This incisive tweet from type designer James Edmonson of Oh No Type Co looks like a humorous one-liner but is actually a brilliant piece of criticism. In just four words, he summarizes the pervasive tendency towards a visual uniformity that seems to draw in nearly every major tech brand operating today.
EVERYBODY FALL IN LINE! pic.twitter.com/B9JU5nvpMu
— OH no Type Co (@OHnoTypeCo) February 13, 2018
When I read it it struck me as a good companion—a much more succinct and effective one—to the post I wrote here in January about the near ubiquity of a very specific, narrow band of visual expressiveness in illustrations for tech brands. Like that post, this tweet raises questions about what kind of culture we’re building online and whether it’s as truly diverse as their ostensibly progressive shepherds would claim. For me it also asks the question of why we aren’t examining the design language of these companies with more rigor?

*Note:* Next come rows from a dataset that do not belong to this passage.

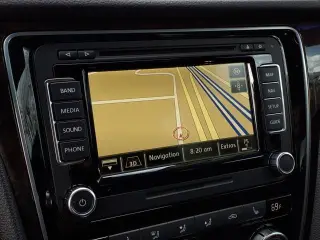 Volkswagen Passat 2015 2.0L TDI SEL Premium Sedán 4 puertas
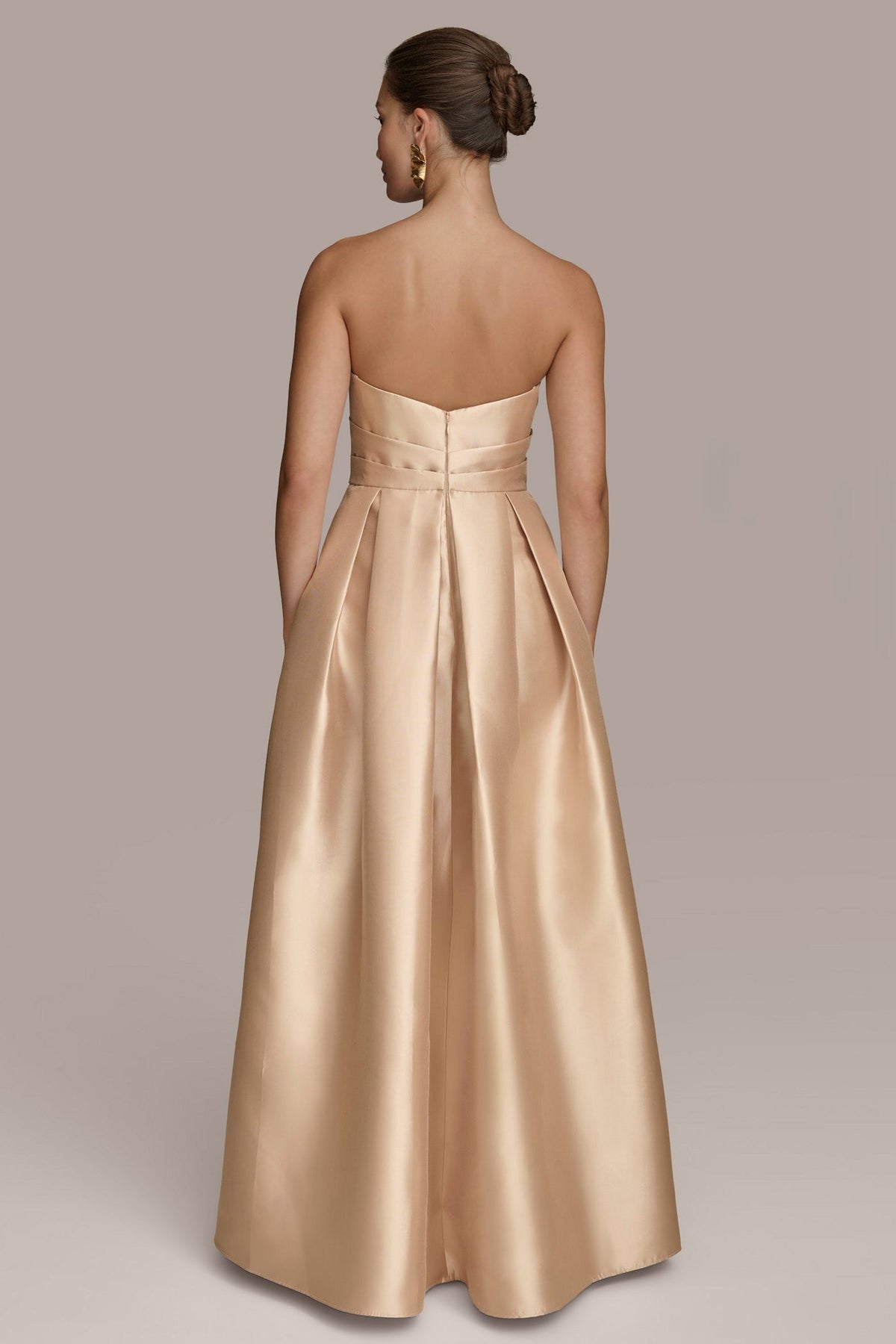 Donna Karan MIKADO STRAPLESS SWEETHEART BALL GOWN
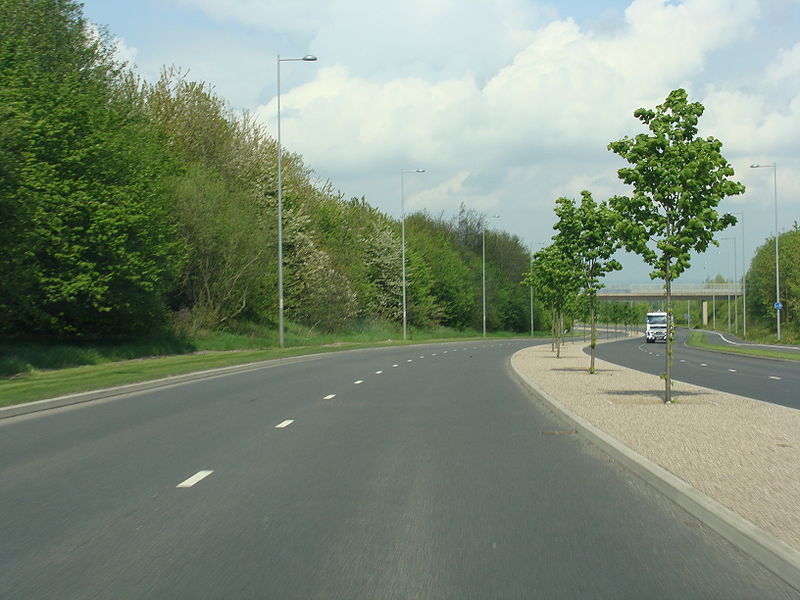 File:A5223 north of Newdale Cross.jpg
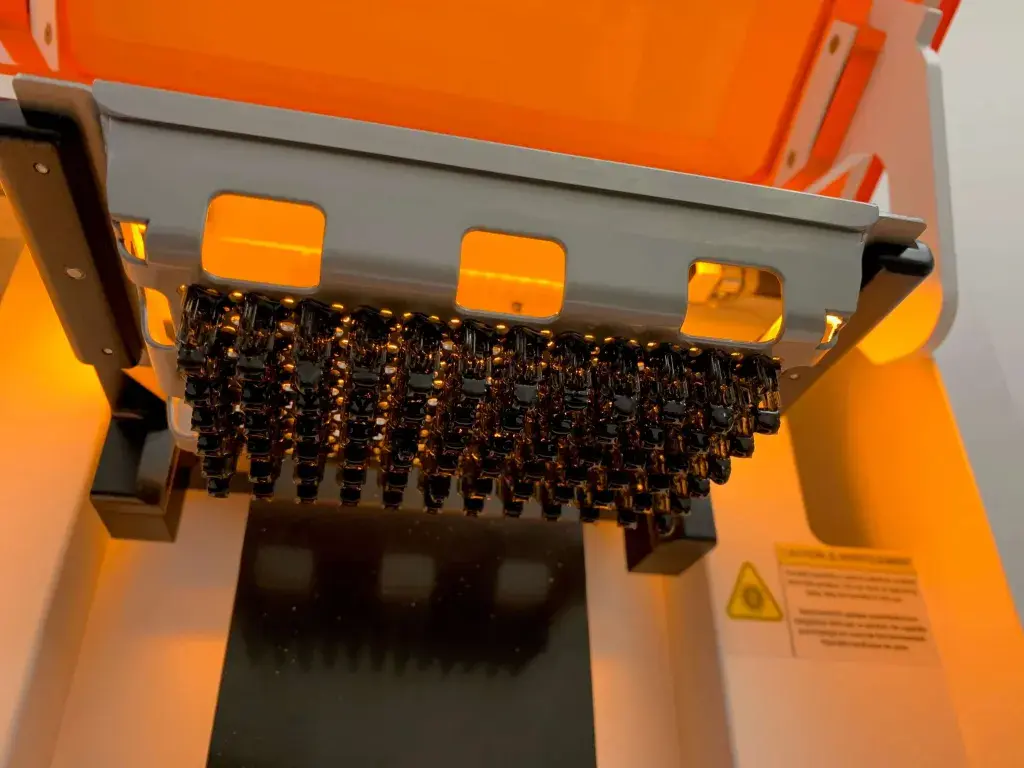 Placa de construção da impressora 3D Figure 4 Standalone na WS Audiology cheia de peças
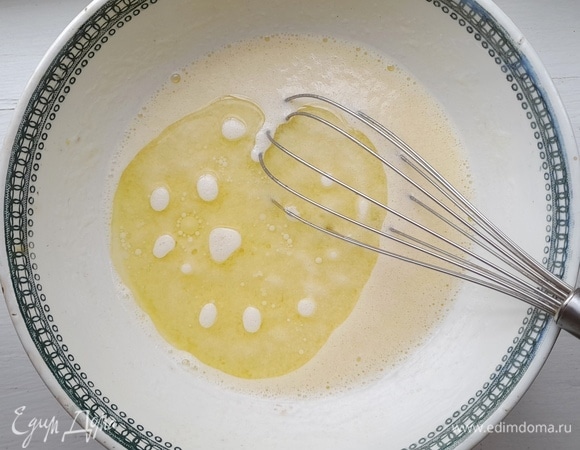 Затем растительное масло и снова перемешайте.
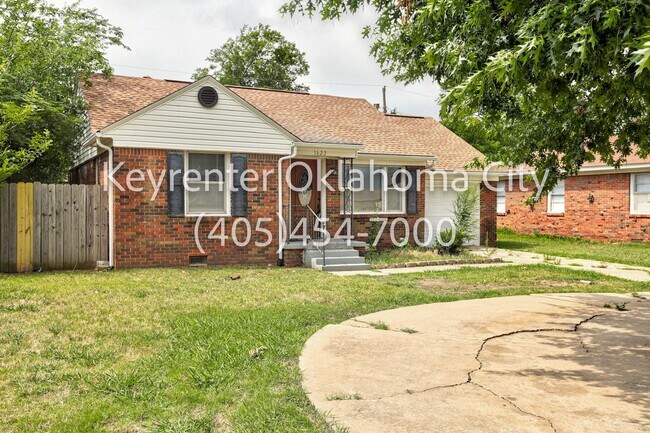 Building Photo - 1622 W Britton Rd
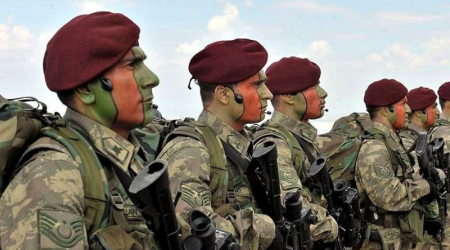 Türkiyənin Bordo bereliləri Bakıdadır - VİDEO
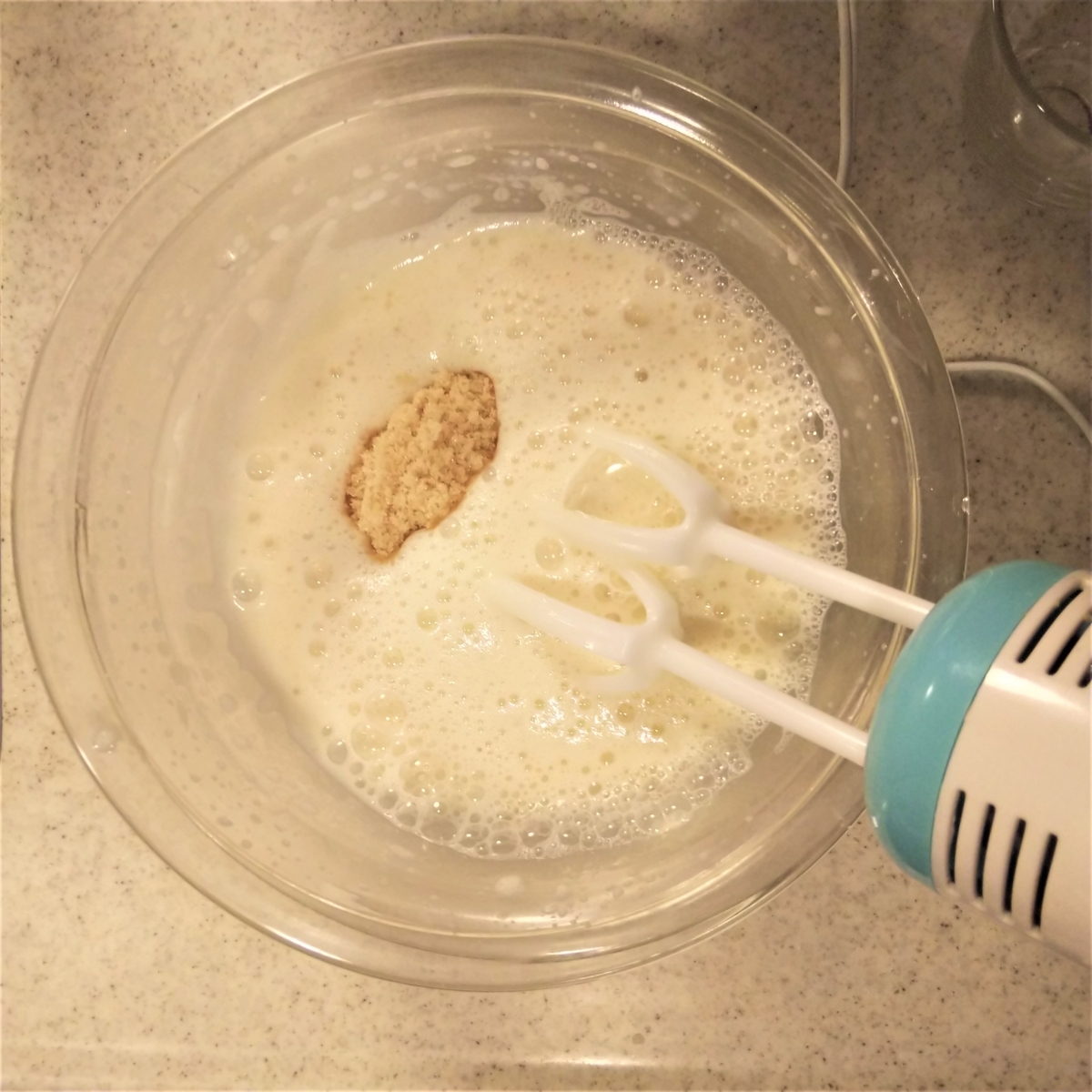 砂糖を入れて泡立てる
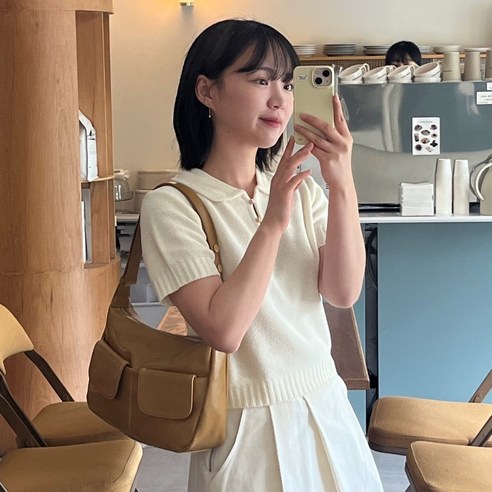 르아보네 [진훤 착용] YVONNE_BAG_CAMEL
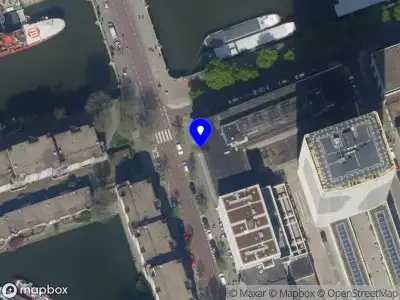 Ambulance met gepaste spoed naar de Glashaven in Rotterdam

Consider the macro trend of these brands all visually converging alongside the industry’s current mania for design systems. That juxtaposition suggests that we’re far more interested in implementing ideas than we are in ideas themselves. Put another way, as practitioners of design we’re most comfortable asking questions like “How do we implement our brand’s design language, propagate and scale it, and make sure it’s consistent?” We’re much less comfortable asking questions like, “What’s the larger context for the brand we’re building? Are we making a unique and worthwhile contribution to the value of our company, to the world at large, or even to our profession?” It’s the difference between merely executing ideas and really understanding them.